I Paesi Emergenti non sono l’unico punto di tensione; il flusso di eventi geopolitici è stato altamente turbolento su diversi fronti. Come lasciato intendere dalla recente retorica, il Presidente Trump ha ritirato gli USA dagli accordi sul nucleare con l’Iran, reintroducendo le pesanti sanzioni (anche se nell’arco di 90/180 giorni) che erano in vigore fino al 2015, ed in netto contrasto con la posizione europea in materia. Anche se è possibile che Trump tenti di riaprire la via negoziale, come accaduto con la Corea del Nord, la situazione è particolarmente delicata poiché interventi dirompenti in Medio Oriente rischiano più facilmente di sfociare in operazioni militari, dalle quali è più complicato tornare indietro. L’effetto immediato è di consolidare il petrolio ai massimi dal 2014, sula prospettiva che almeno mezzo milione di barili al giorno di produzione iraniana possa uscire dal mercato.

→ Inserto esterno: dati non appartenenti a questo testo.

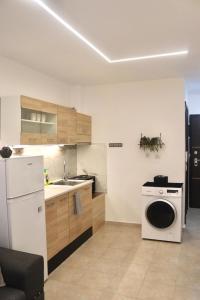 a kitchen with a sink and a washing machine at Dany's studio central xanthi in Xanthi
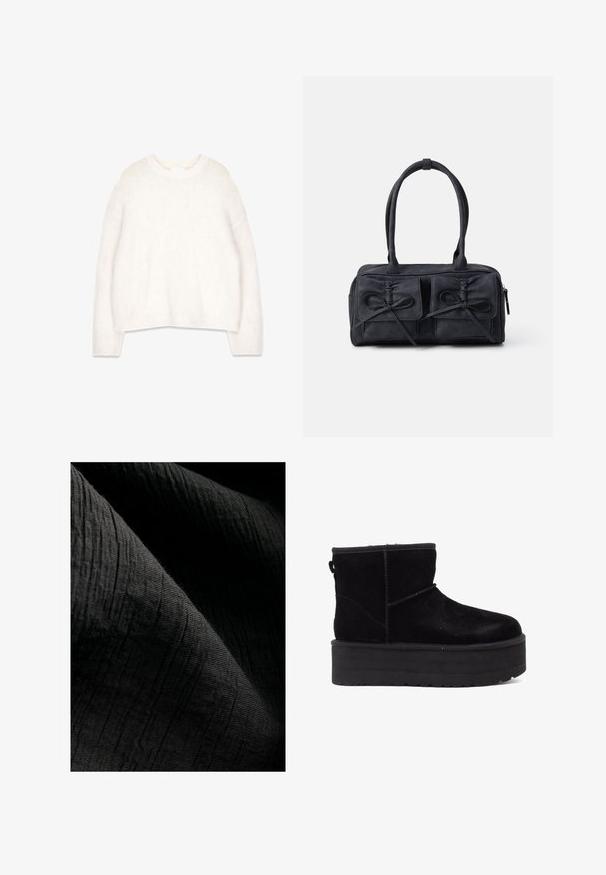 Balts, pūkains džemperis ar apaļu kakla izgriezumu, garām piedurknēm un brīvu piegriezumu. Izgatavots no mīkstas, teksturētas auduma, ar ribotām piedurknēm un apakšmalu.; Ragveida melna auduma ar maigu ribotu rakstu, nedaudz atstarojošs, kas krīt krokās, uzsverot tā dziļumu un taustāmo kvalitāti.; Melni zamšas potītes zābaki ar biezu platformas zoli un mīkstu oderi. Pabeigti ar šuvju akcentiem un aizmugurējo cilpu vieglai uzvilkšanai.; Melnas auduma rokassomas ar divām priekšējām kabatām, kas rotātas ar lentītēm, divām rokturiem un ar rāvējslēdzēju aizdari. Mīksta tekstūra un taisnstūrveida forma.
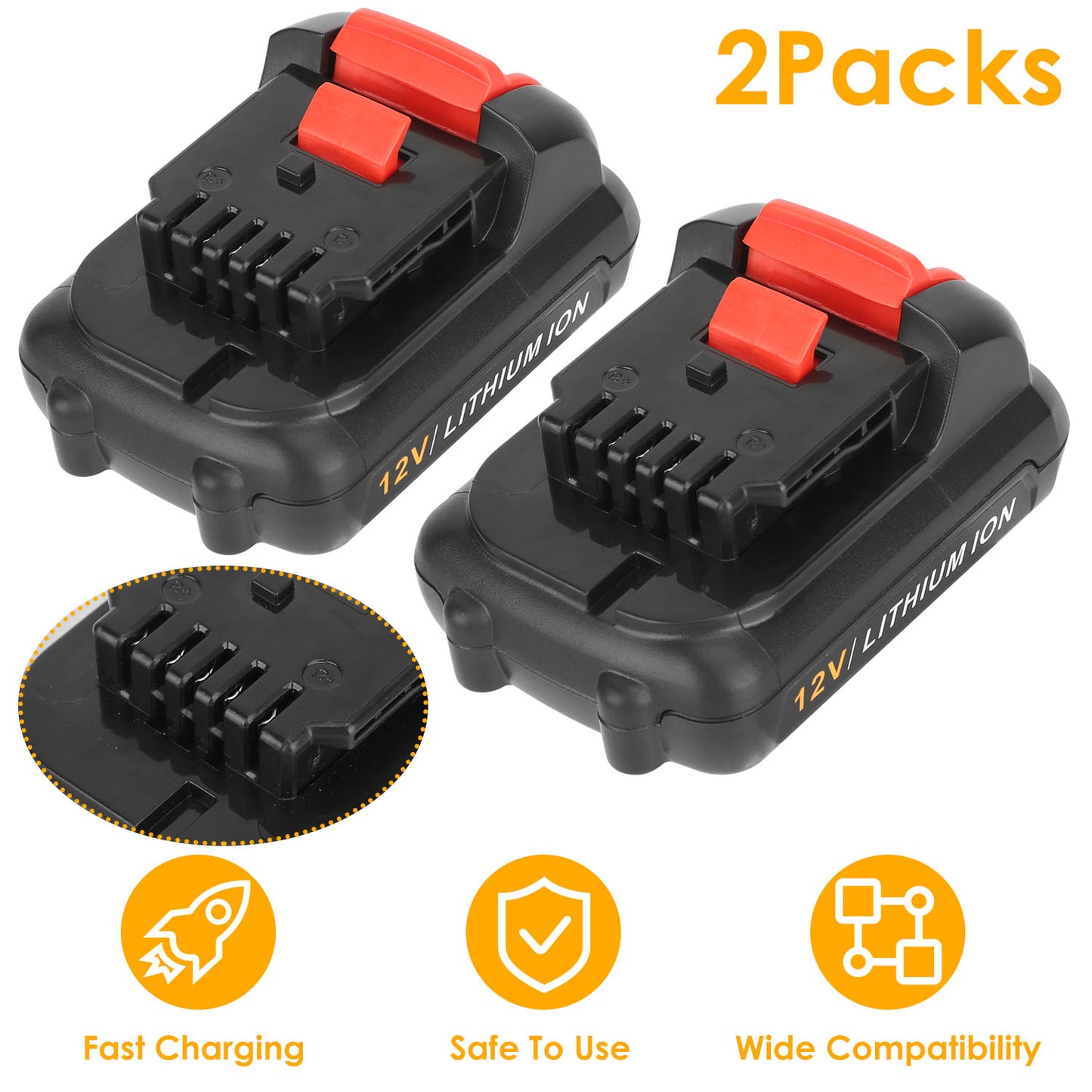 2 Packs 12V Li-ion Power Tool Battery Replacement Compatible with Dewalt DCB123 DCB127 DCB122 DCB124 DCB121 DCB120 DCB125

L’attenzione si è nuovamente ridestata anche sull’Italia. Dopo due mesi di infruttuose consultazioni tra i partiti per la formazione del nuovo Governo, promosse dal Presidente della Repubblica, sembrava che lo scenario di elezioni anticipate (addirittura in estate) fosse diventato quello più probabile, fino a quando le trattative tra Lega e M5S non hanno ripreso nuovamente vigore ed ora un Governo tra i due partiti anti-sistema sembra in dirittura d’arrivo. Nonostante questo risultato fosse considerato quello meno probabile e meno “market-friendly” prima delle elezioni, la risposta dei mercati rimane composta: il nuovo Governo Lega-M5S sarà quasi sicuramente in rotta di collisione con le autorità europee sulla politica fiscale, ma sarà fin dall’inizio sottoposto ad una stretta supervisione del Presidente della Repubblica, che probabilmente per ora è sufficiente a rassicurare gli investitori.